On 11 June 1987 a team of four contractors was cleaning a crude oil storage tank at the Dalmeny Oil Storage Terminal. The tank was of the floating roof type and the roof had been lowered due to the tank being empty. It was resting on a series of 219 support pillars. Three of the contractors worked inside the tank with one on duty outside along with a BP employee.
The tank had been emptied of its contents and three roof manhole covers opened to allow natural ventilation. However, the evolution of a vapour with the risk of forming an explosive atmosphere was not considered sufficient to merit either mechanical ventilation or rigorous monitoring of the vapour concentrations within the tank. As a precaution though, the workers were required to wear airline-breathing apparatus supplied by a compressor located outside the tank bund.
At 13:20 hours the outside man looked in and saw a ring of fire surrounding the three men. Two of the employees managed to escape the fire but the third man died from the effects of asphyxiation and burns. The fire escalated rapidly with flames and smoke coming out of the open man ways.

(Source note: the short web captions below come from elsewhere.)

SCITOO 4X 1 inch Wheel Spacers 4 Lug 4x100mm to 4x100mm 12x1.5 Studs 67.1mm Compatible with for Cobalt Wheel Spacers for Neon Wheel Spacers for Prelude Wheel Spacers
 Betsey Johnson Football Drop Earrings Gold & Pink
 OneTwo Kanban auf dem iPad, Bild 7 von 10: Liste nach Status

The cause of the accident was one of the contractors smoking inside the oil tank. It was apparently common practice for the workers to remove their breathing apparatus while inside the tank, with some workers choosing to smoke while the supervisor was not looking. On this occasion one of the men working in the tank had dropped a lit cigarette on to the floor where it had ignited the crude oil.
Health and Safety Executive, ‘The fires and explosion at BP Oil (Grangemouth) Refinery Ltd. A report of the investigations by the Health and Safety Executive into the fires and explosion at Grangemouth and Dalmeny, Scotland, 13 March, 22 March and 11 June 1987’, ISBN: 0 11 885493 3, 1989.